Place spices in a large infuser (normally used for loose tea leaves). If you don’t have a large tea infuser, wrap the spices in cheese cloth and tie it up with some baker’s twine. (You can also drop the spices directly into the juice and just spoon them out before serving.)
Place the spices in the juice and cover. Bring the juice to a low boil, approximately 20 minutes.
The longer the spices steep, the stronger the flavor.
This cider can be made ahead of time and refrigerated in a glass jar and then simply reheated a glass at a time or it can be served directly from the saucepan.
- 4-5 c unfiltered apple cider
- 1 c fresh squeezed orange juice
- ½ c fresh squeezed lemon juice
- 1½ c cranberry juice (100% cranberry juice - not cocktail)
- ½ c granulated sugar (more or less to taste)
- 4-5 slices of orange
- 4-5 slices of lemon
- 2 cinnamon sticks
- 12 cloves
- 5 allspice berries
- In a medium saucepan, combine juices, sugar and orange & lemon slices. Place spices in a large infuser (used for loose tea leaves). If you don't have a large tea infuser, wrap the spices in cheese cloth and tie it up with some baker's twine. (You can also drop the spices directly into the juice and just spoon them out before serving.)
- Place the spices in the juice and cover. Bring the just to a low boil, approximately 20 minutes. The longer the spices steep, the stronger the flavor.
- Serves 8
Would my busy life with my family of six – including 4 kiddos and all the messes that come along with – destroy the beauty of a copper sink? Because if it did I would be so sad.
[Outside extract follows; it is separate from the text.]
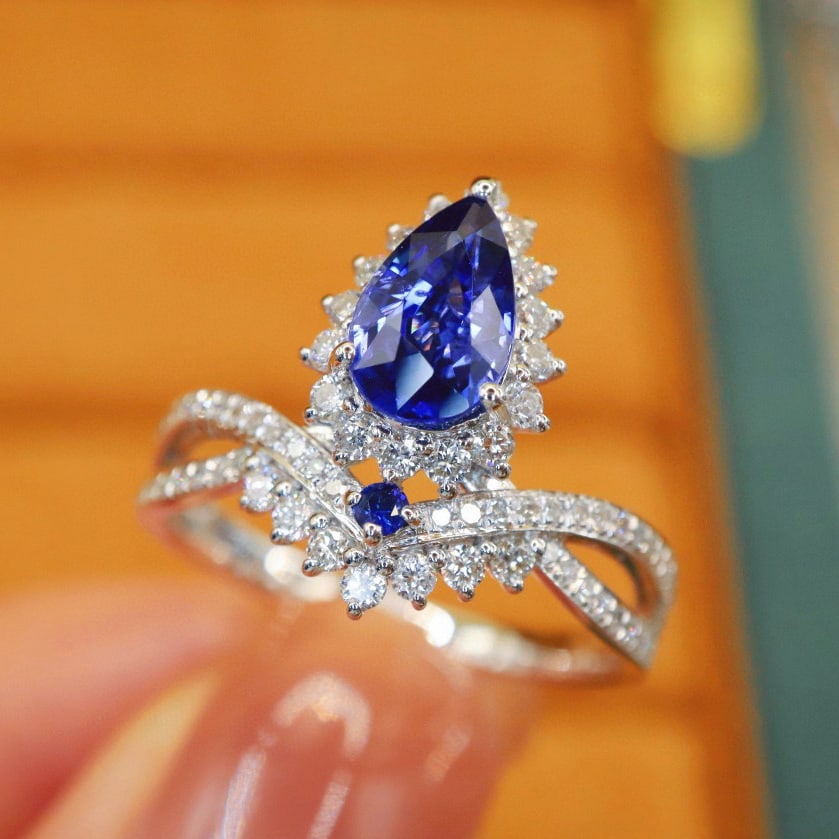 14k Gold 1.66 Ctw Natural Sapphire & Diamond Ring - 2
But after hours of research, I found the overwhelming opinions of those who’d taken the plunge into life with copper were positive. I found confidence in comments that assured potential customers. Comments like –
- Food bits will leave marks but they’ll disappear.
- Clean up is a breeze.
- The copper just keeps getting more beautiful with use.
With that – I purchased my farmhouse copper sink and have been so happy with it ever since. I wrote about my love for my sink (over on my food blog) and Sinkology found it. One thing led to the next and now I write recipes for Sinkology.
As I was making this apple cider recipe, I caught a glimpse of my sink and thought you may enjoy seeing a photo a “real” life with copper. Lemon juice is certain to leave marks on copper, but I have come to learn that the sink goes back to it’s original finish so quickly that I don’t even wince at a sight like this.
After cleaning the dishes and wiping out the sink this is what the lemons and oranges did to my sink. Not too bad is it? That little triangular bright spot it the only indicator of what torture my copper sink previously experienced.
Even today, 4 years later, this copper sink is still one of my favorite design choices because it’s constantly giving me grace! Even obvious mess-ups ((like sliced lemons)) don’t hold a grudge!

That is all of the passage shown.